The extent of these general counsel roles varies and, despite their job title, not all have a sufficiently wide brief to fully fit the description of general counsel as it would be understood in the corporate world. While almost all of those surveyed are responsible for professional responsibility (such as conflicts and client privilege issues) and liability issues, and 96% and 93% respectively are involved with engaging outside counsel and representing the firm in disputes, 85% have responsibility for wider liability issues, and only 73% deal with partnership and firm structure issues. A smaller proportion still – around 70% – get involved with internal employment matters.
Meanwhile, fewer than half are charged with dealing with insurance or employee benefit issues, and fewer than 25% of those surveyed are asked to deal with their firm’s own real estate matters.
That said, the proportion of law firm general counsel being given responsibility for these areas has grown strongly during the life of the Altman Weil survey and an increasing number are devoted to the role full-time – 35% in 2006 against 26% in 2004. ‘It’s looking more and more like the role of a traditional in-house counsel at a commercial company,’ Mr Bower says.
Kimball Anderson, general counsel of Chicago-headquartered Winston & Strawn, whose remit extends across the full gamut of traditional in-house lawyer functions from negotiating mergers to defending the firm in litigation, agrees. ‘The job now involves anything that has to do with the law of lawyering,’ he says. ‘It is becoming an increasingly full-time role.’
Any law firm general counsel hoping to use the new role as a stepping stone to the top executive jobs of managing partner or chairman may be disappointed, however. Another finding of the Altman Weil survey is that the number of US law firm general counsel who sit on the governing committees boards of their firms has diminished rapidly, from 40% in 2004 to 28% in 2006. Firms are becoming more concerned that the advice given to management will not be protected by professional privilege if their general counsel is a member of the management board.
Instead, it seems that the role of law firm general counsel may become a career in its own right as the numbers grow and demand increases. There may also some opportunities to transfer the skills to a corporate setting in future, although the consensus is that there may not be much scope for traditional in-house counsel to move the other way. All of the general counsel currently working at the leading 100 US firms have been recruited from within (80% from the litigation practice). By consensus, one of the key attributes of law firm general counsel is an in-depth knowledge of the particular firm and the ability to gain the trust of the partnership.

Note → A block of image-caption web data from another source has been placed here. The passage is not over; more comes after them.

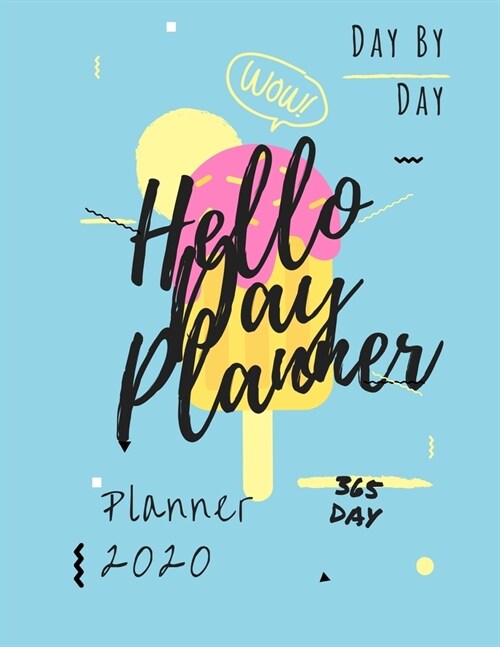 Hello Day Planner: Day By Day Planner 2020 (Paperback)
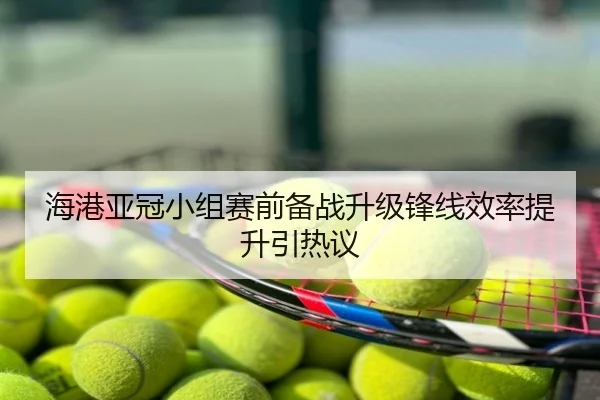 海港亚冠小组赛前备战升级锋线效率提升引热议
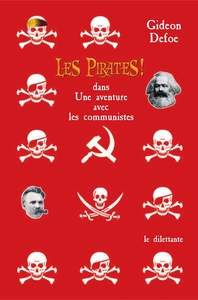 Les Pirates ! dans: Une aventure avec les communistes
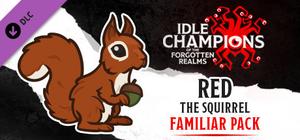 Idle Champions - Red the Squirrel Familiar Pack banner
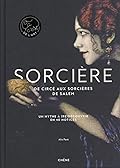 Sorcière : de Circé aux sorcières de Salem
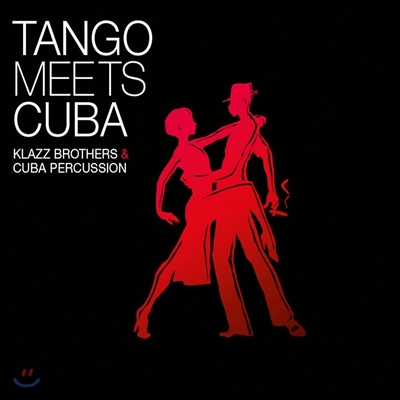 Klazz Brothers &amp; Cuba Percussion (클라츠 브라더스 앤 쿠바 퍼커션) - Tango Meets Cuba (탱고 미츠 쿠바)
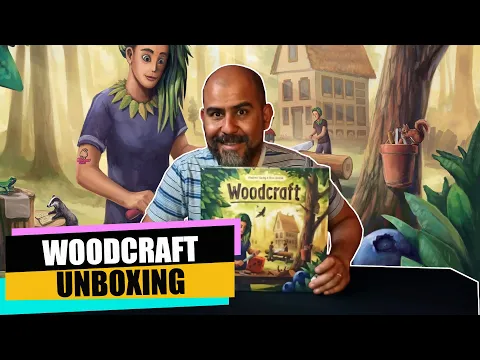 Woodcraft - Unboxing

Back on this side of the Atlantic, despite the slow take-up of the concept, the opportunities for partners to move into law firm general counsel roles are only likely to increase as firms continue to expand. ‘The need for a general counsel is a function of a law firm’s size and they will spread down the profession as firms get bigger,’ predicts management consultant Alan Hodgart.
One leading City firm that is already actively considering creating a general counsel role is Ashurst. ‘As the business gets larger and more complex, we are increasingly concerned that things could fall through the cracks,’ says senior partner Geoffrey Green.
The days of responsibility for professional ethics, risk management and professional indemnity issues being devolved to separate partners seem to be numbered. In future, it would appear, the world is likely to be too complicated a place to leave vital functions to the managing partner and a collection of gentleman amateurs, combining key risk and other management roles with their day jobs.
‘Conflict rules and regulation are getting more complicated,’ says Tony Williams of Jomati management consultants and a former managing partner of Clifford Chance. ‘Managing partners will still need to have an understanding of what is going on, but they need someone to look after the nuts and bolts.’